12. St. Jacobs: Home to Canada’s largest farmers market and a lot more

Eoin Clarke / Getty Images

 

Canada’s largest year-round farmers market is hosted by St. Jacobs every Thursday and Saturday with hundreds of vendors for farm-fresh veggies, snacks, and imported delicacies. But beyond the culinary delights that St. Jacobs has to offer, the town is also known for its unique arts and crafts, so get ready to shop.

13. Elora: An enchanting village on the edge of a spectacular gorge

Gregory Pleau / Getty Images

With its stunning natural beauty and small-town charm, Elora is a multi-sensory pleaser. Featuring 80-foot limestone cliffs and two majestic rivers, the Elora Gorge is breathtaking and unforgettable, especially in autumn. And if the finer things in life are what you seek, the downtown village offers plenty of ways to indulge.

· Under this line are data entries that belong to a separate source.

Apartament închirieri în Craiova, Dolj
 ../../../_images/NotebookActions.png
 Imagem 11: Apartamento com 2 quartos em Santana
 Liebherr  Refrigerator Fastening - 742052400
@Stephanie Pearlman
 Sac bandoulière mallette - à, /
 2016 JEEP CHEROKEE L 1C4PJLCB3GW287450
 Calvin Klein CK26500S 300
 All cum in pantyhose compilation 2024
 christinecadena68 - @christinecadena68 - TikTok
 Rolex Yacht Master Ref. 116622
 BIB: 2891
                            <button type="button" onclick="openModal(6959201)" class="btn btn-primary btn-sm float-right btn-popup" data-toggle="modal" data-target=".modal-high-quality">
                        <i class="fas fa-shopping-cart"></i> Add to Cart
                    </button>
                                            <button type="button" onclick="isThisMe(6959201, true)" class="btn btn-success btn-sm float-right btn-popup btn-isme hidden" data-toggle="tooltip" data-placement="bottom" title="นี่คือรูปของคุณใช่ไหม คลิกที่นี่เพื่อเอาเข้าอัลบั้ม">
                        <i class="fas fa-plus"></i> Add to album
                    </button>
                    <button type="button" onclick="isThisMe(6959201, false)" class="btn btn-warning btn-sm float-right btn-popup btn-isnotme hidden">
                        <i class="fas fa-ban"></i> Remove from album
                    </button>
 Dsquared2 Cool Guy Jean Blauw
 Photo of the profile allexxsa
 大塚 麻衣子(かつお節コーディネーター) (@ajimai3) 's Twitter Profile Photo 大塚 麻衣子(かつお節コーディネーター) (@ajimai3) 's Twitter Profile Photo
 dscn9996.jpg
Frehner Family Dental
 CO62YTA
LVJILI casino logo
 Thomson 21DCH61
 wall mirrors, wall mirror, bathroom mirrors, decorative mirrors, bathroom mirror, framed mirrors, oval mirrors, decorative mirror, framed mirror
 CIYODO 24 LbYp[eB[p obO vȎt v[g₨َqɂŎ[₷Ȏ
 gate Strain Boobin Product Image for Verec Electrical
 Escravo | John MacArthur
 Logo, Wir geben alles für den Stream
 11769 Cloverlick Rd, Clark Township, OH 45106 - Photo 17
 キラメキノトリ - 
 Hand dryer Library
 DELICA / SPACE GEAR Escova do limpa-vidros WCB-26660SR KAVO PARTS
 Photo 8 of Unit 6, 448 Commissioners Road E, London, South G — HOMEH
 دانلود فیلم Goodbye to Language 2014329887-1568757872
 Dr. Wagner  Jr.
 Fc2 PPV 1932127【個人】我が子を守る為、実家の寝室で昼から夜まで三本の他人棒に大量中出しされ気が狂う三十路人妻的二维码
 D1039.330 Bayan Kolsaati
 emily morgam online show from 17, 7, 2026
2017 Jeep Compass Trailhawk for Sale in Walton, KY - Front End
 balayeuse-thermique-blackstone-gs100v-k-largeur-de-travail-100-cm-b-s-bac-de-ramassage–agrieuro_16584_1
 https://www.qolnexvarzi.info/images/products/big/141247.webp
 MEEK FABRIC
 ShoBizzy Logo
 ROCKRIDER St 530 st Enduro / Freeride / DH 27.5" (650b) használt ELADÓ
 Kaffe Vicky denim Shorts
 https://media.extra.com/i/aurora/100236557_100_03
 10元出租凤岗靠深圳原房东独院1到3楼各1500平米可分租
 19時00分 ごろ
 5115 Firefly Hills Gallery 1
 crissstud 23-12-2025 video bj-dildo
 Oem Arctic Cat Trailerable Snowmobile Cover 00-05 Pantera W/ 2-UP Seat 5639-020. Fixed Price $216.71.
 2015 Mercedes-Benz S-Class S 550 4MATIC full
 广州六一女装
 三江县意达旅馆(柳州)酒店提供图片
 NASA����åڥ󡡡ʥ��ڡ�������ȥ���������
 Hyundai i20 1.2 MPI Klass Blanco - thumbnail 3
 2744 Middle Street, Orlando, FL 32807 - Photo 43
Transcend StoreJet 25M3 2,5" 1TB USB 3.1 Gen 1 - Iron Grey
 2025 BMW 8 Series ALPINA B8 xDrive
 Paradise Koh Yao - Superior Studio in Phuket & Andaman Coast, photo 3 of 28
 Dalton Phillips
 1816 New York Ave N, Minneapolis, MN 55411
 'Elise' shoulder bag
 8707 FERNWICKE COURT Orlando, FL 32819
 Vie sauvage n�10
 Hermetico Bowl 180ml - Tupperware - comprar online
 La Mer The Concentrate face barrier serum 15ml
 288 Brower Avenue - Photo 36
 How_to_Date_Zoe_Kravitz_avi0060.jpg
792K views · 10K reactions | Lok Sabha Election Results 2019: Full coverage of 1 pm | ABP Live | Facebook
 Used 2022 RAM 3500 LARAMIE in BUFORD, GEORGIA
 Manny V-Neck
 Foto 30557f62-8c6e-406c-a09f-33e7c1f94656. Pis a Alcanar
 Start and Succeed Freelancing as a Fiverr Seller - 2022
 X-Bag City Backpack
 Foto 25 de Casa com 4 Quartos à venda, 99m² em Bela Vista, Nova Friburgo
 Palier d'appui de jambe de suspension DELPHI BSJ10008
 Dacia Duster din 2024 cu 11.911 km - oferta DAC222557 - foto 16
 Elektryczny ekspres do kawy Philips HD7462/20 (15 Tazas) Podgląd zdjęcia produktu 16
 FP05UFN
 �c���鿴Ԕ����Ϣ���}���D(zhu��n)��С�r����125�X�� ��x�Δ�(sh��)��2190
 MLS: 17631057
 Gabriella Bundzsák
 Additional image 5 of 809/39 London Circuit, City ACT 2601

14. Port Perry: Ontario’s most happening historic downtown

Courtesy of Gordon Maxwell / Via Flickr: gamduffer

Downtown Port Perry, hugged by Lake Scugog, offers sublime shopping and dining. This bustling area charms with its beautifully preserved Victorian architecture. But that’s not all Port Perry has to offer — fishing is great year-round on Lake Scugog (especially surrounded by fall foliage), culture abounds with galleries and the performing arts centre, and you can always warm up with a tour of the Old Flame Brewery.